From the line with "WMK I Hochwertige" to the line with "North America Orthobiologics", retype each line exactly as it stands in the records below, but skip the pictures.

[Data supplied]

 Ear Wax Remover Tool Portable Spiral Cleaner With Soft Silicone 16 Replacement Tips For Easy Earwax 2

[/Data supplied]
[Data supplied]

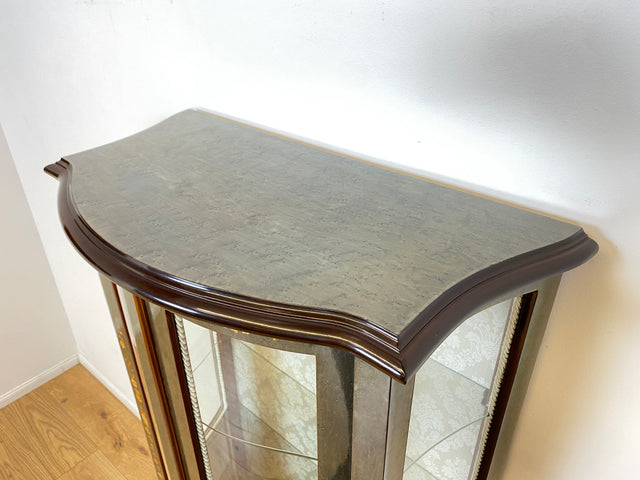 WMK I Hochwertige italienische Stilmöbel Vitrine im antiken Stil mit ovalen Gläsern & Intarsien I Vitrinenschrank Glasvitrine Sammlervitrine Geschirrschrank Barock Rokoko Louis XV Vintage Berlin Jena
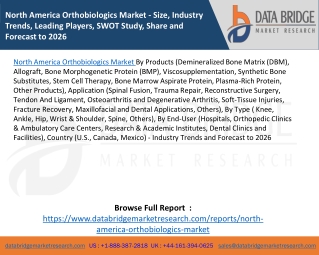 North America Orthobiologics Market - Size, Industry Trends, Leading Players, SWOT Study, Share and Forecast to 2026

[/Data supplied]
[Data supplied]

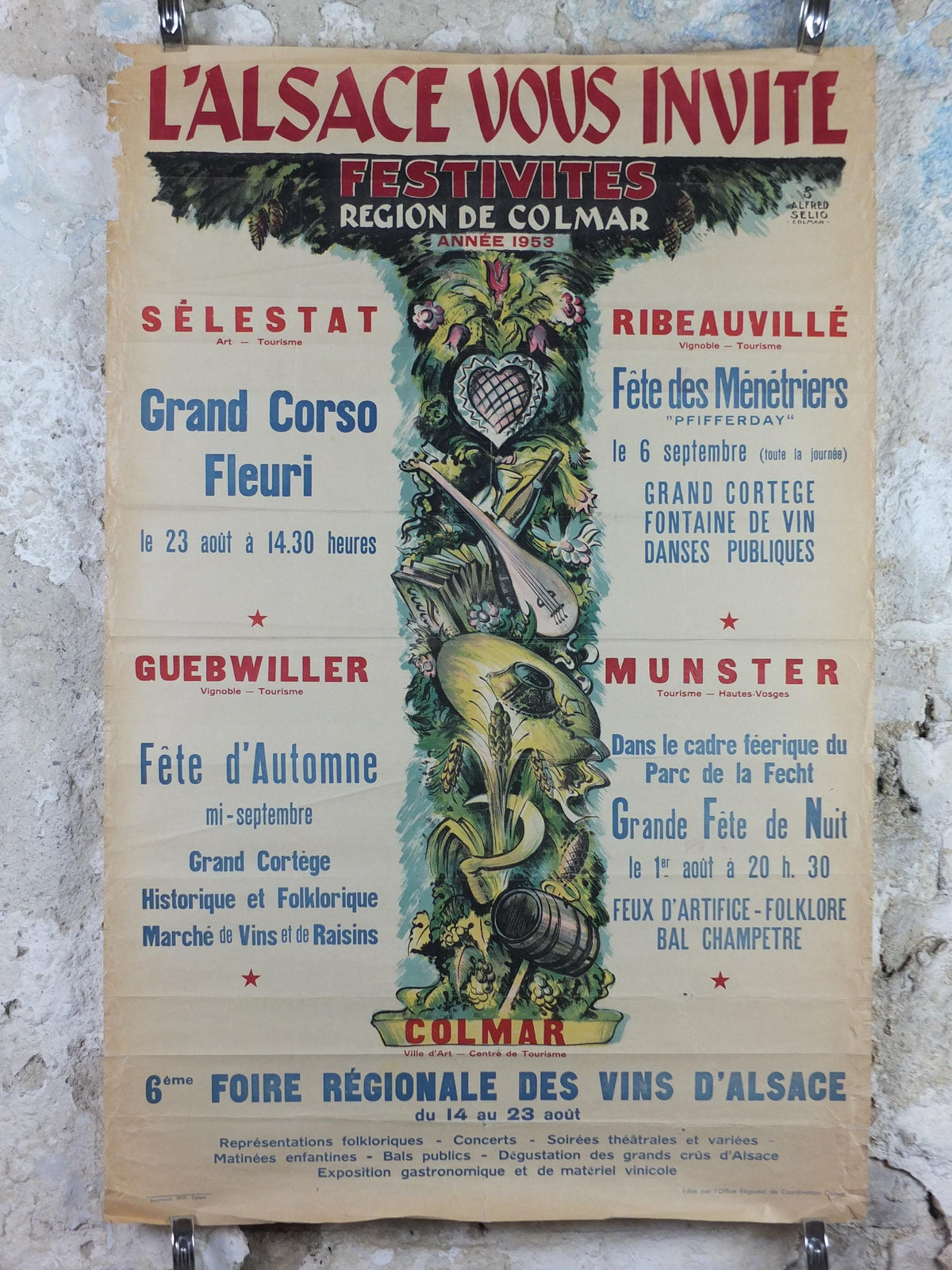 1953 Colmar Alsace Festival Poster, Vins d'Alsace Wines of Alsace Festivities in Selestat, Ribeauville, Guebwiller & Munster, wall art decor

[/Data supplied]

** Answer box **
 WMK I Hochwertige italienische Stilmöbel Vitrine im antiken Stil mit ovalen Gläsern & Intarsien I Vitrinenschrank Glasvitrine Sammlervitrine Geschirrschrank Barock Rokoko Louis XV Vintage Berlin Jena
 North America Orthobiologics Market - Size, Industry Trends, Leading Players, SWOT Study, Share and Forecast to 2026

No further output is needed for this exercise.